Be as close to right as possible when reporting information. You can avoid many errors in qualitative research by leaving out bias, responses to poorly constructed questions or other incorrect information to ensure that you do not misrepresent any reporting data.
Identify any information that is, or hints at being, subjective. If it is, it could be a source for error or bias, or worse yet, both later on. Screen as early in the interview or survey process as is possible.
Eliminate identified information that is, or could be, biased or subjective. You must eliminate anything with the possibility for being taken as a personal interpretation, exclusive of other interpretations. This is called "objectification" of the inputs.
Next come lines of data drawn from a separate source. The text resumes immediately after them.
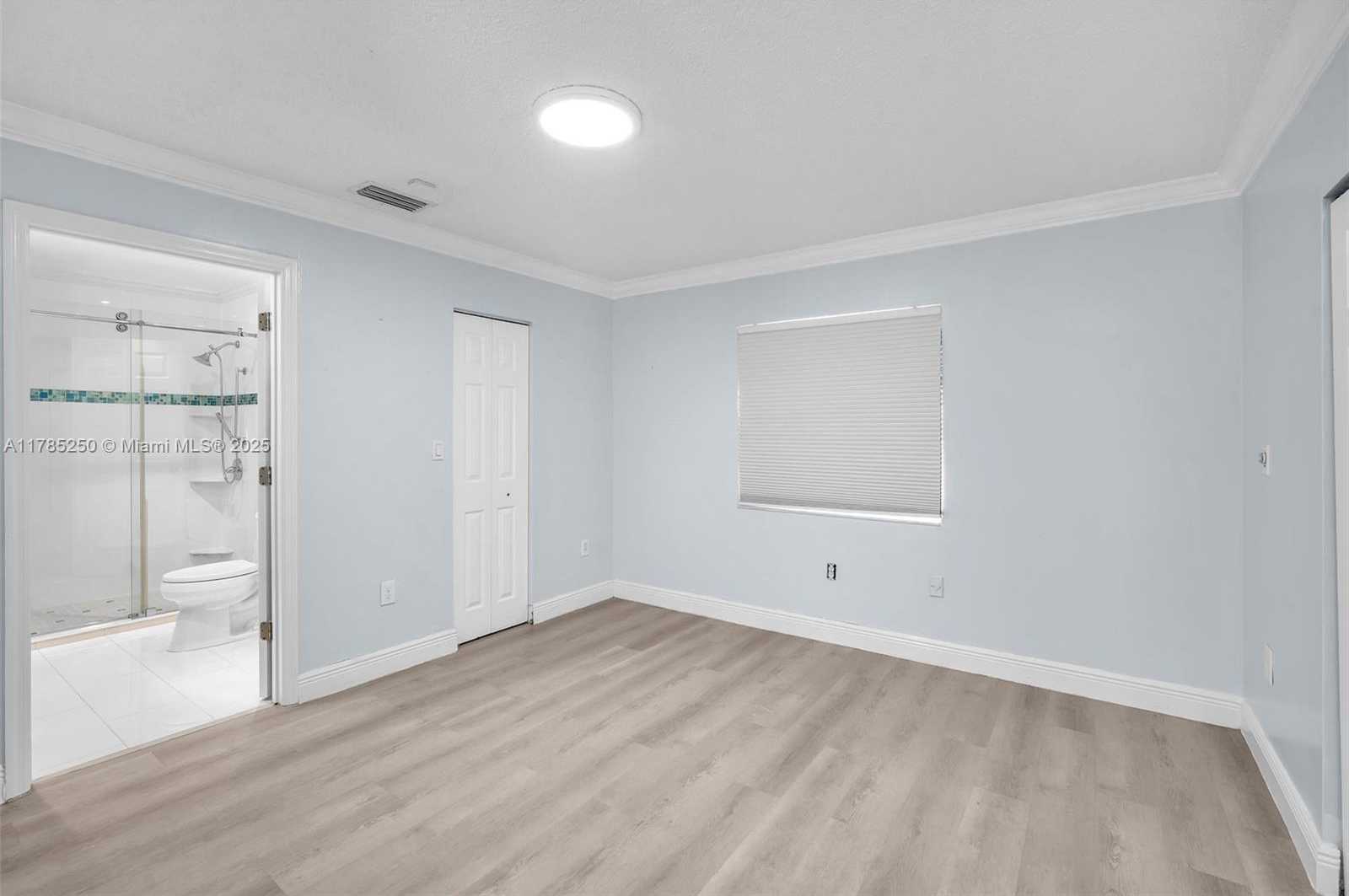Small Image of 8300 NORTH WEST 201ST ST, Hialeah Number 17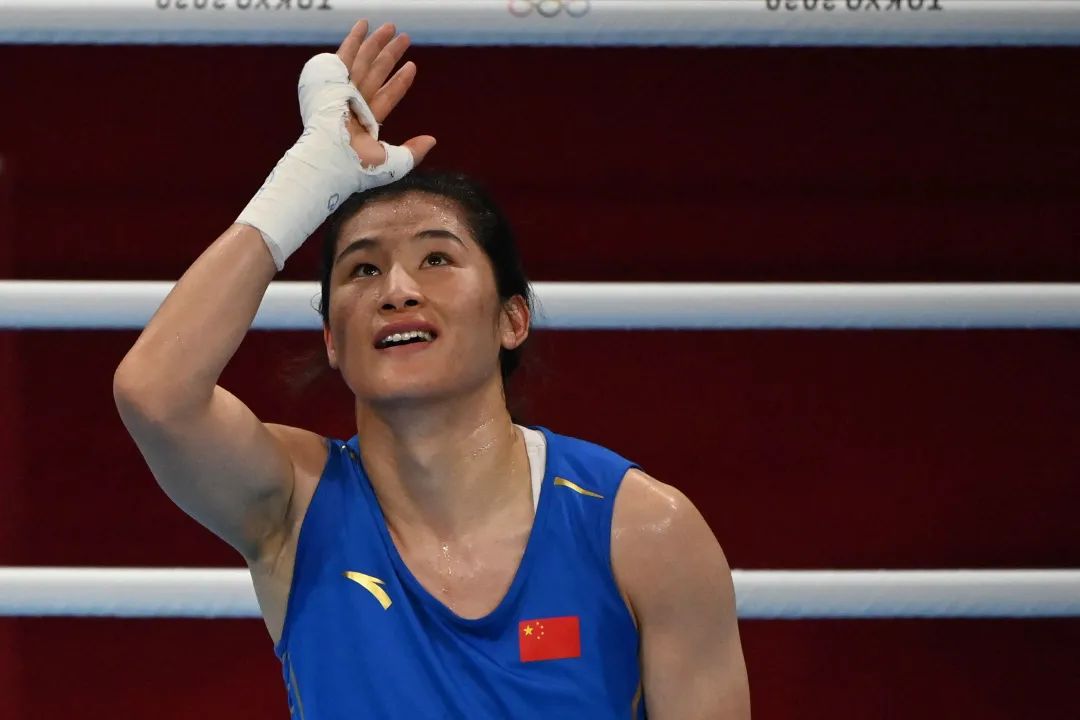 包含银牌得主感慨艰辛，坚持不懈的词条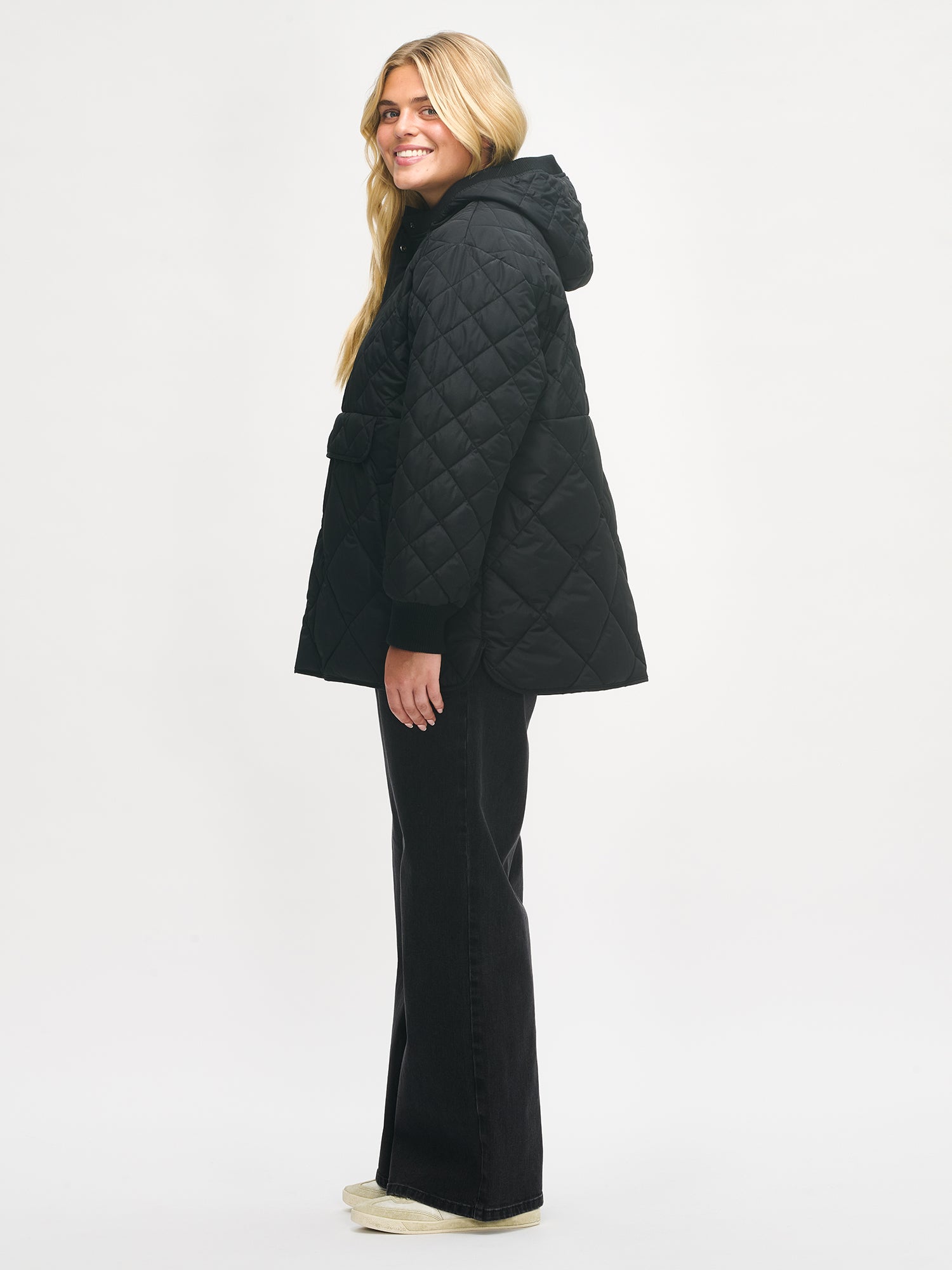 Nanso women's relaxed-fit black anorak quilted coat, side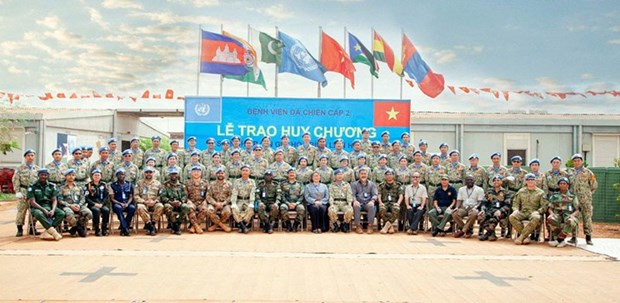 Vietnam’s Level-2 Field Hospital Rotation 3 receives UN medals hinh anh 3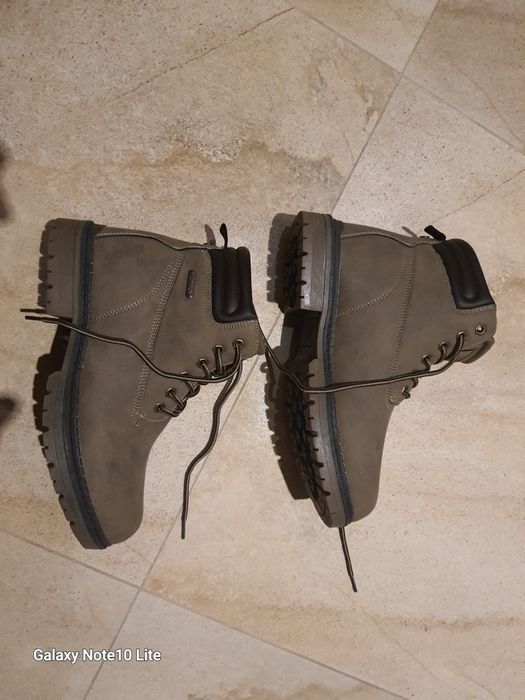 Ботінкі  нові, осінні, розмір 42. Чоловічі.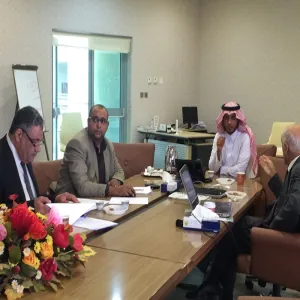 لجنة اعداد تقرير الدراسة الذاتية تناقش معايير السياق المؤسسي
Acknowledge and work around the presence of errors by controlling for them. Errors often need to be, and can be, controlled in lieu of their being completely eliminated later. For example, if a portion of your population might be biased, identify that bias up front, code it and leave it out later.
Separate fact from belief, and then separate belief from error as soon after the interview as is possible. When reporting interview data or survey response data, for example, if they do not concur with your own beliefs, make sure you do not report them as your own. If such non-truths are included, code and place them squarely where they belong.
Locate a data cleaning software system. Software systems exist for correcting input errors using user-defined "integrity constraints." StreamClean is one system that, once a declarative language is defined, will correct input data errors.
When using a data cleaning software system, be sure to provide examples of correct data with descriptions and clearly defined values.
When an invalid data message appears, read it carefully and make any corrections or eliminate the data. The system will automatically modify the data with the correction.